The Senate had initially provoked the ire of its trading partners by stipulating that any public works projects funded from stimulus funds could use only US-made iron, steel and manufactured goods. Language was then added last week to soften the terms, requiring that they be applied in a manner consistent with America’s obligations under international agreements. However, this excludes countries like China, which lack reciprocal arrangements on government procurement.

So, by the beginning of this week, the rhetoric was being cranked up. China’s official news agency Xinhua was talking of the “poison” of trade protectionism, and Mei Xinyu – a colleague of Jiang’s at the Ministry of Commerce – warned that China would not “wait to become a victim”.

Critics of the ‘Buy America’ stipulations in the US doubt whether the returns are worth the accompanying risks. In a recent study (Buy American: Bad for Jobs, Worse for Reputation) the Petersen Institute for International Economics points out that only around a thousand additional jobs in the US steel industry will be created as a result.

The most immediate concern is foreign governments could choose to limit public procurement of American goods in a tit-for-tat response. In 2006 – the most recent year in which consolidated figures are available – the Chinese government, for example, purchased $8 billion worth of American goods and services (which was about a sixth of the total China spent on overall US exports).

Any curtailment in its procurement policy would obviously hit American firms tendering for government contracts. Manufacturers of heavy industry items (turbines, industrial machine tooling, forklift trucks etc) could be amongst those most seriously affected. All this at a time in which China’s own $586 billion infrastructure-laden stimulus plan should be offering opportunities to foreign firms.

The proposed US legislation throws up other unknowns, not least how products might be defined as “foreign”. How would a Toyota manufactured in Michigan be classified, for example? Or a US product engineered from parts sourced or even partially assembled in China?

It turns out that the Chinese are confused about what constitutes “foreign” too. The Pepsi Taste Challenge (or, more specifically, a Chinese variation of it) helps in suggesting why.
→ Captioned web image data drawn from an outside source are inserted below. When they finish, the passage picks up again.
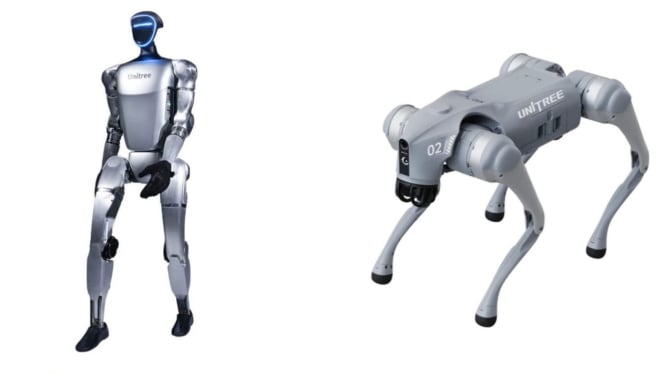 Robot Humanoid dan Robot Anjing Unitree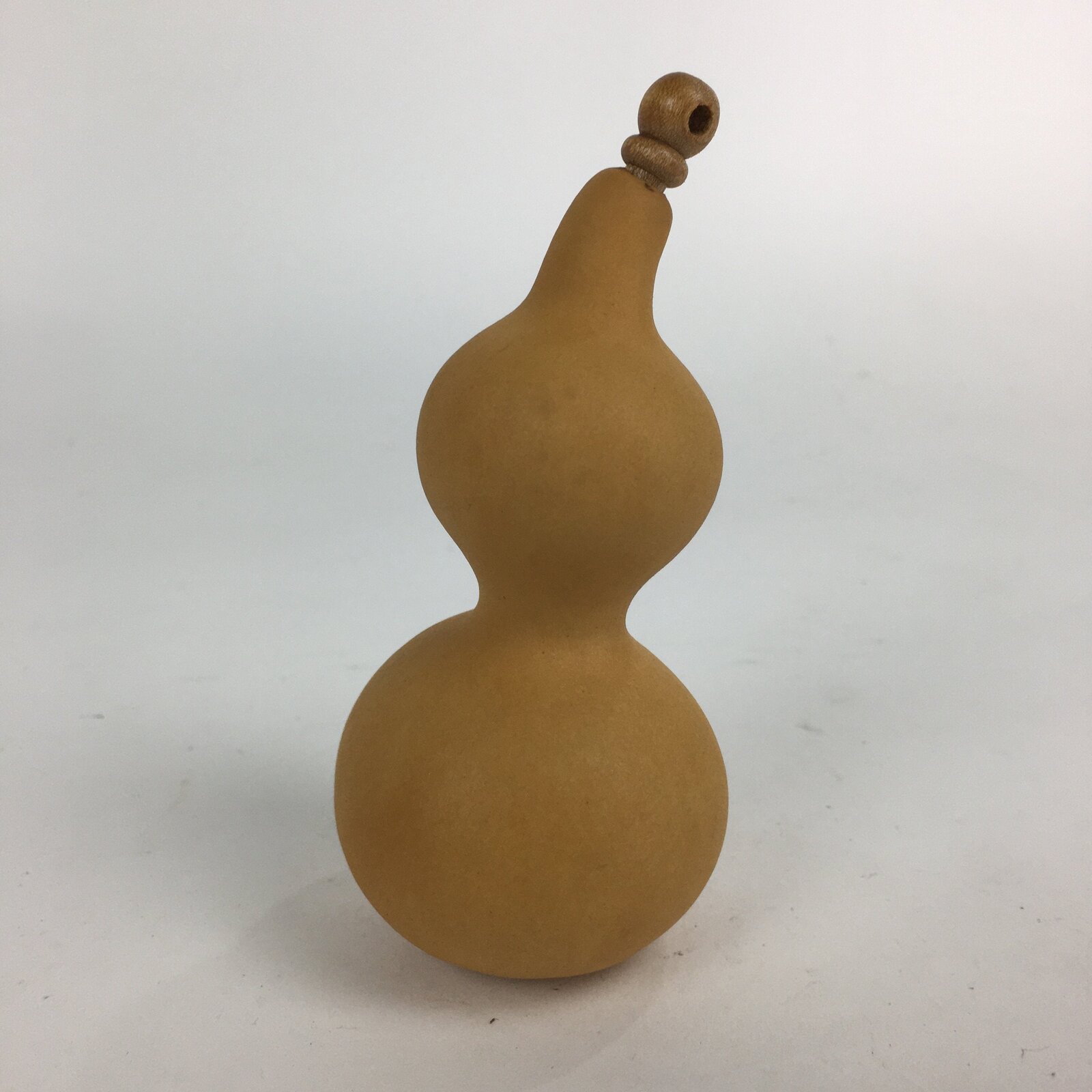 Japanese Hyotan Natural Gourd Sake Bottle Brown Lucky Charm Calabash G239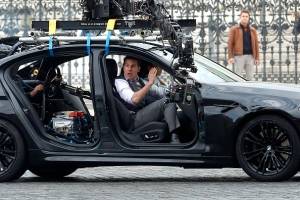Tom Cruise en las grabaciones de Misión Imposible 7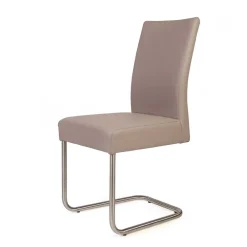 Wohnen Küchenstühle|Esszimmerstühle*2 Freischwinger Stühle in Beige - Nandora (2er Set)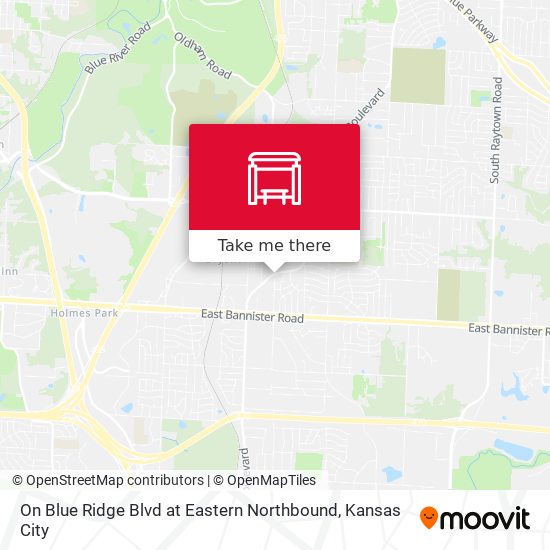 On Blue Ridge Blvd at Eastern Northbound map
Some readers may recall that Pepsi has long promoted a test in which blindfolded tasters are encouraged to identify cola drinks. A report last year by the Boston Consulting Group (Foreign or Local Brands in China) gave a new twist to the story. There were no blindfolds in this particular survey but respondents in Shanghai and Beijing (hardly rural backwaters) demonstrated blinkered vision of a different kind. A quarter of those surveyed revealed that they thought Pepsi was a Chinese company.

This was the most glaring example of what BCG calls the “chameleon effect”. Foreign marketers have been so successful in tweaking their international offerings with Chinese names, logos and packaging that shoppers often can’t tell which brands are from China and which aren’t. About 80% of respondents incorrectly identified popular foreign household and personal care brands as being domestic ones, for instance.

Chinese consumers seem to be more governed by rationalism than nationalism when it comes to shopping. It should be hoped that legislators come to similar conclusions. With protectionist policy tough to enforce in today’s global economy, and with so many consumers (in China at least) not even aware that they are purchasing overseas brands, restrictions on foreign goods would seem to create more problems than benefits.